### Provided data
-- Opening Marker --

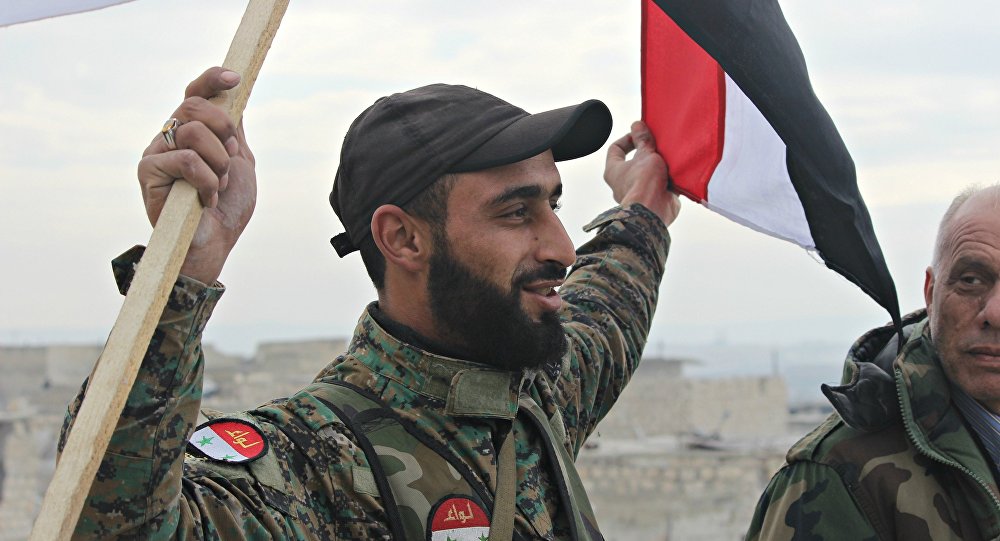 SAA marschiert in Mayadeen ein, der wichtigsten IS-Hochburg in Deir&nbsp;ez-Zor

-- Closing Marker --
-- Opening Marker --

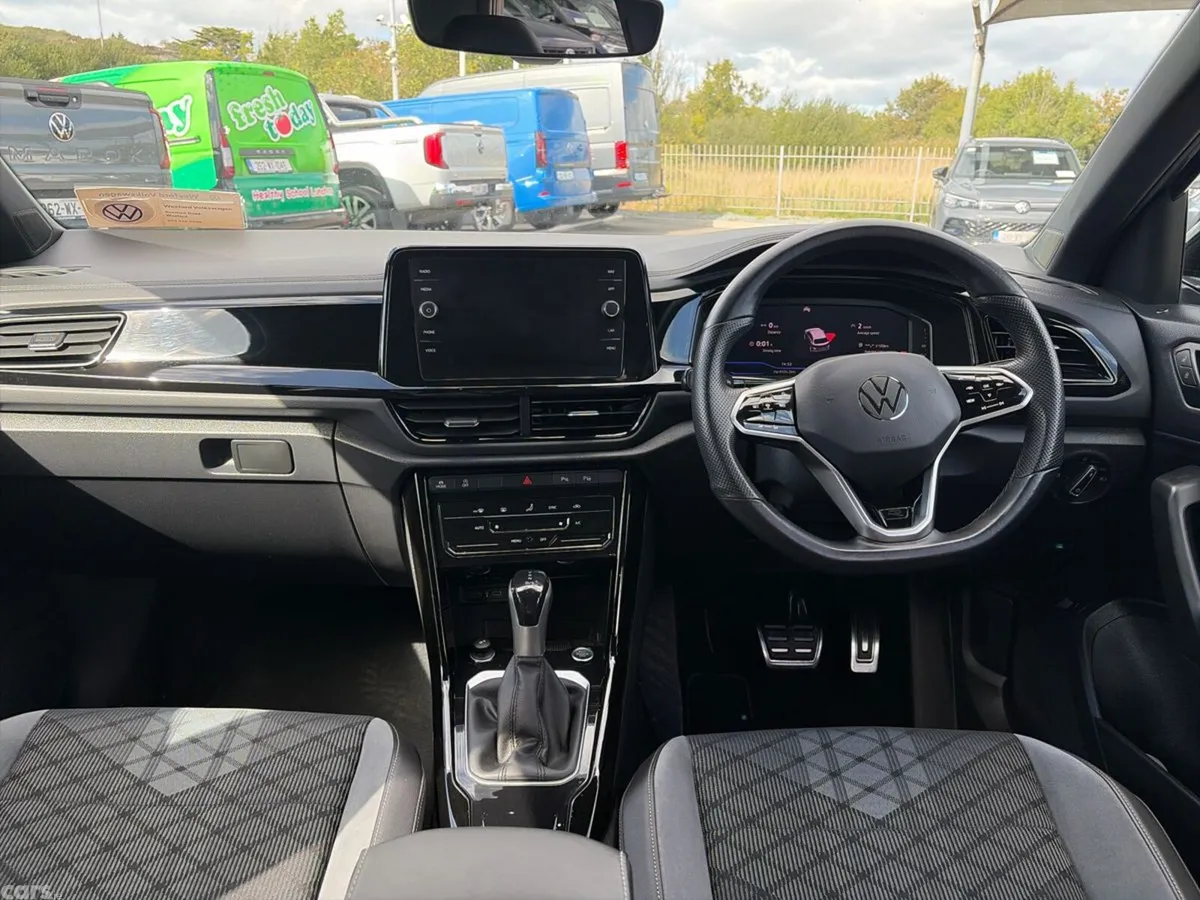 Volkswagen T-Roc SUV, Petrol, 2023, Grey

-- Closing Marker --
-- Opening Marker --

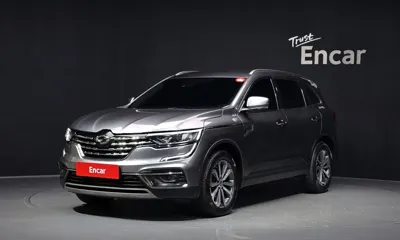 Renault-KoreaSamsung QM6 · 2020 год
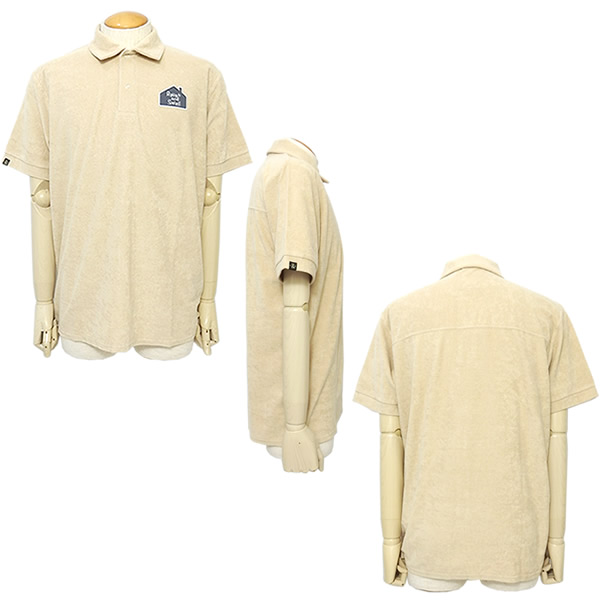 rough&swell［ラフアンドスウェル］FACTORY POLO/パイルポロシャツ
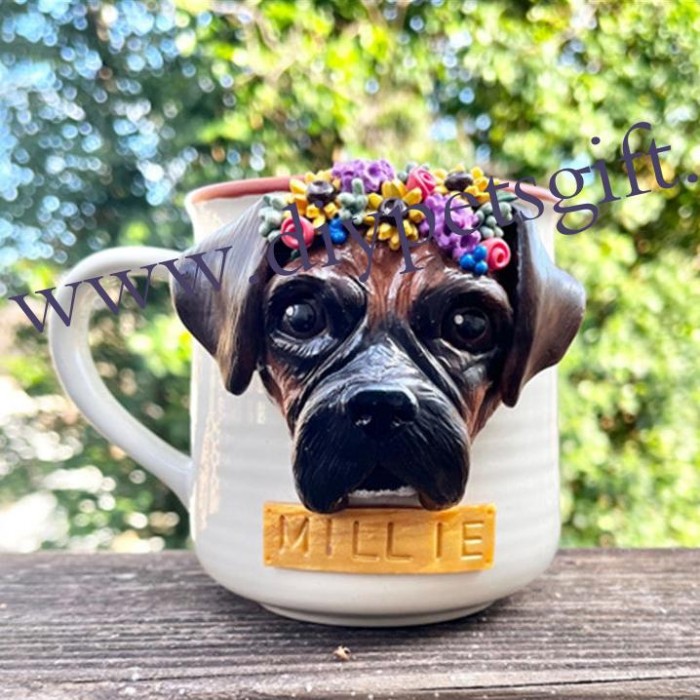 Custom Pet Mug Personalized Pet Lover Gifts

-- Closing Marker --

### Problem statement
A word-for-word reproduction is needed of the lines above from the line containing "rough&swell［ラフ" through the line containing "Custom Pet Mug Personalized Pet Lover Gifts", with both ends kept and no pictures.

### Written response
 rough&swell［ラフアンドスウェル］FACTORY POLO/パイルポロシャツ
 Custom Pet Mug Personalized Pet Lover Gifts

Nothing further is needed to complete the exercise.